(Brief descriptive captions)
====
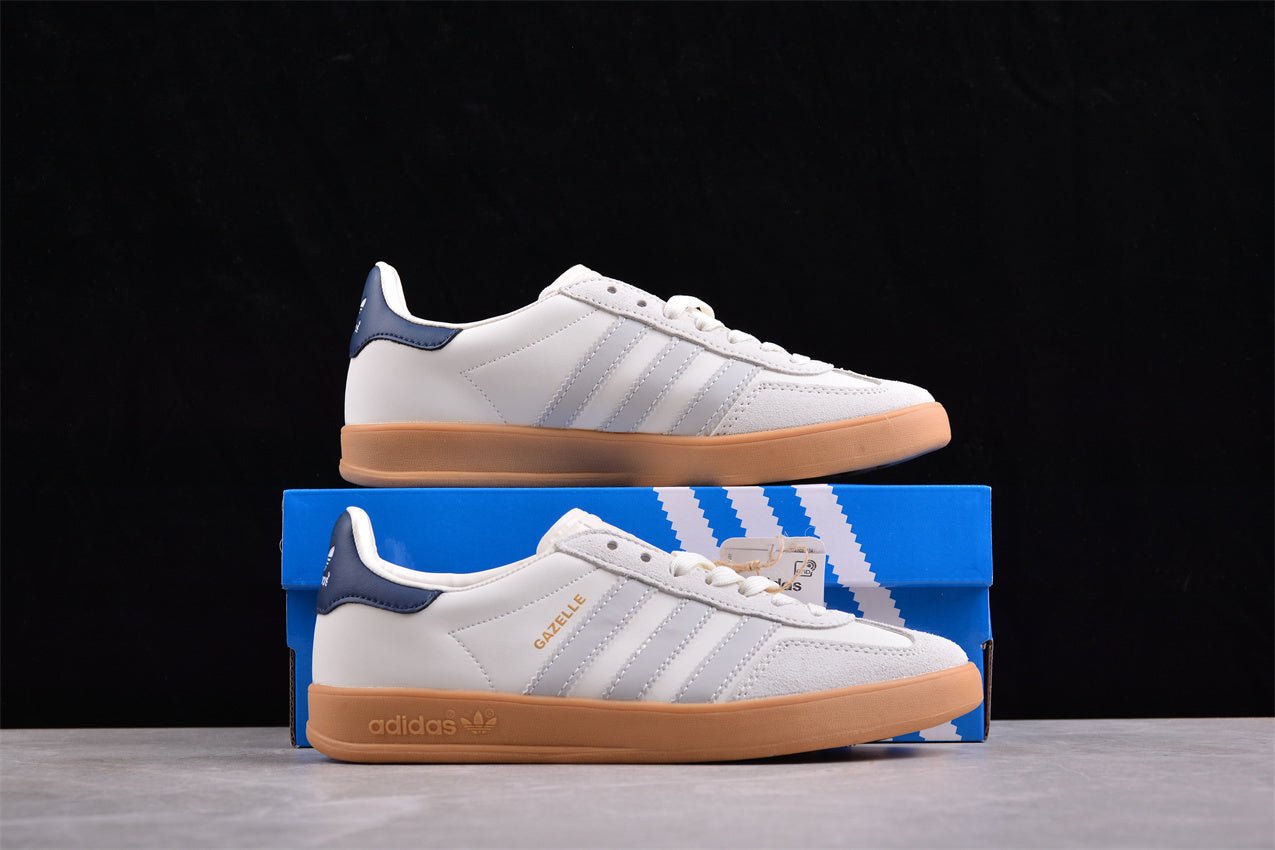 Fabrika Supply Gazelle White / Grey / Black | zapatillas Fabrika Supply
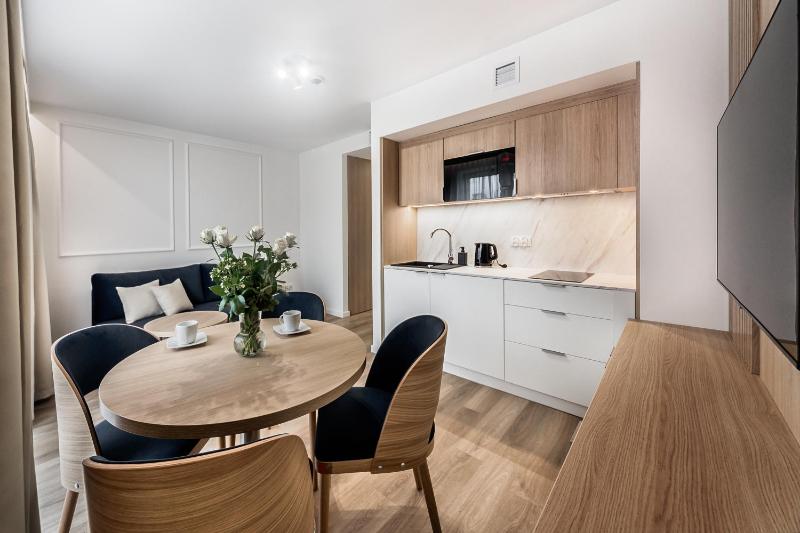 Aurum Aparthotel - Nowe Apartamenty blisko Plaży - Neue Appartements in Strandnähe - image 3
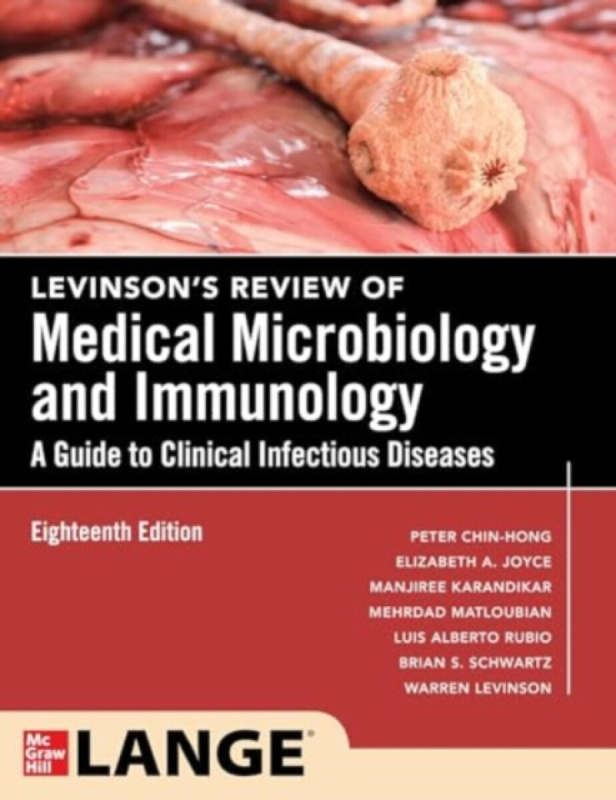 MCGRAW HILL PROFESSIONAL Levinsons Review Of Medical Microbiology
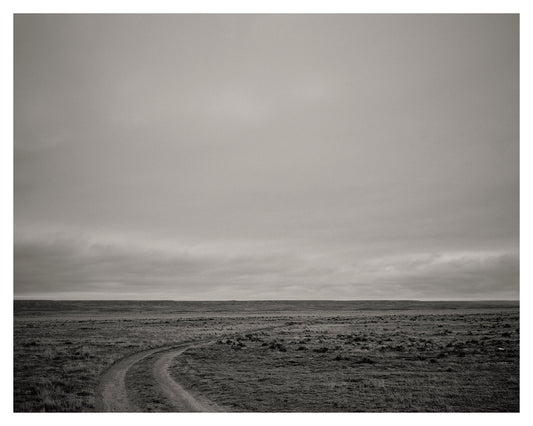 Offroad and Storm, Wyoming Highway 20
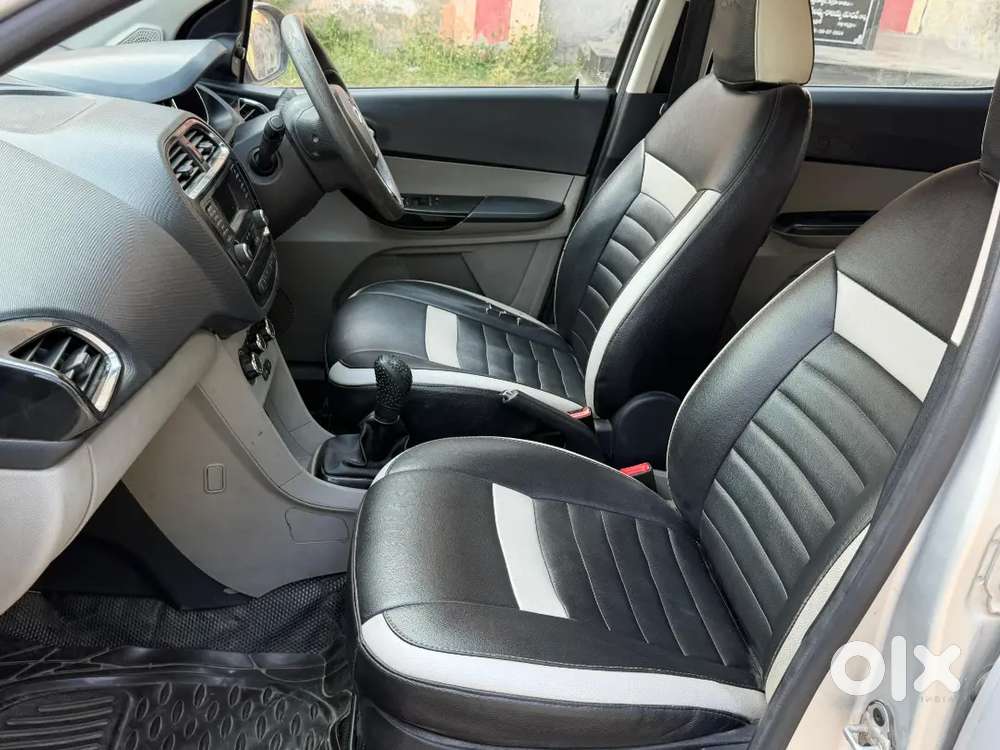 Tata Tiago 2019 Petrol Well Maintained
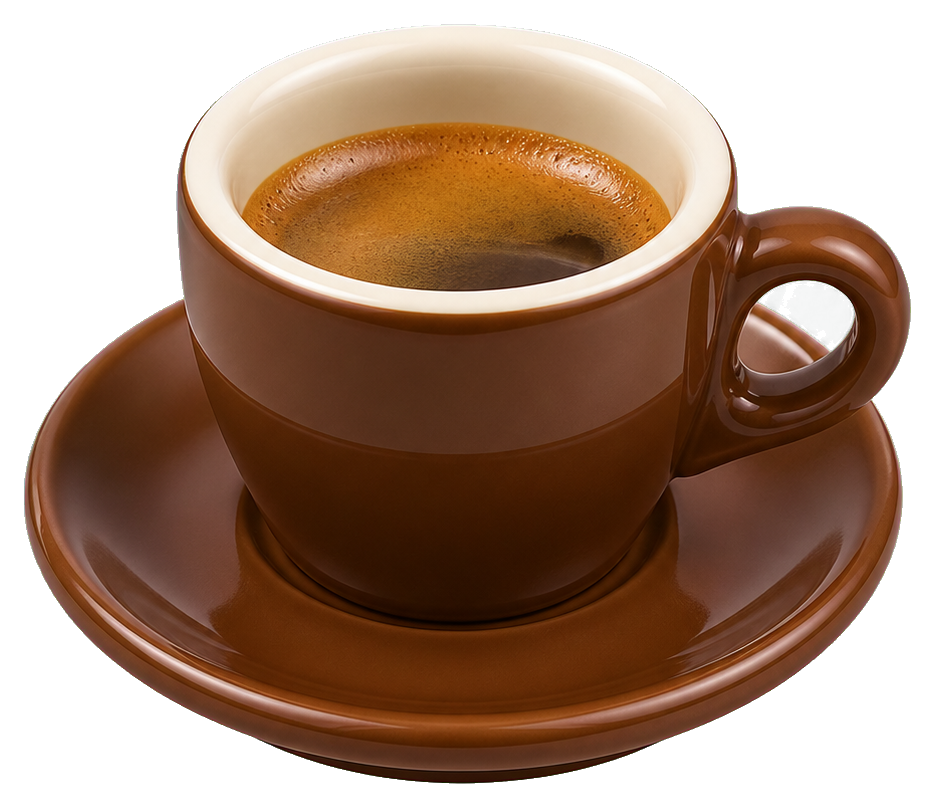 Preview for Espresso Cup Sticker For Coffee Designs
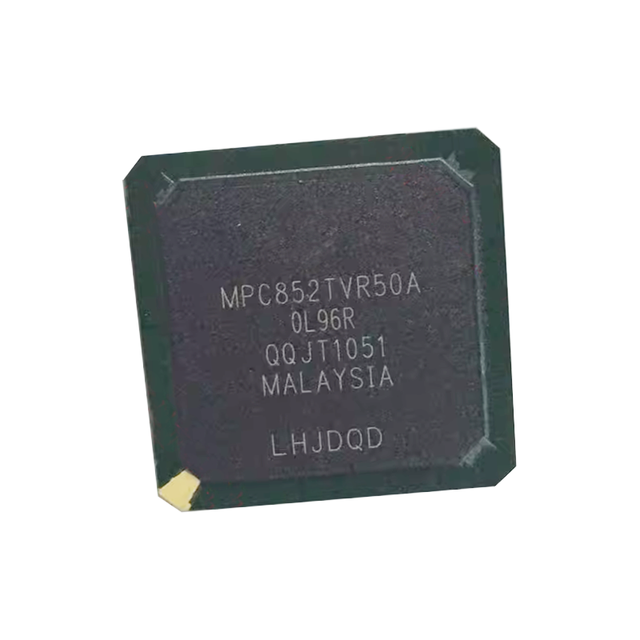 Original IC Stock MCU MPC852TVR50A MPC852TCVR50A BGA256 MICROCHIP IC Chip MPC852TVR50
====
Exercise directions: Up to and including the line that contains "Offroad and Storm, Wyoming Highway 20", print the records above exactly from their first line, without any pictures.

The answer:
 Fabrika Supply Gazelle White / Grey / Black | zapatillas Fabrika Supply
 Aurum Aparthotel - Nowe Apartamenty blisko Plaży - Neue Appartements in Strandnähe - image 3
 MCGRAW HILL PROFESSIONAL Levinsons Review Of Medical Microbiology
 Offroad and Storm, Wyoming Highway 20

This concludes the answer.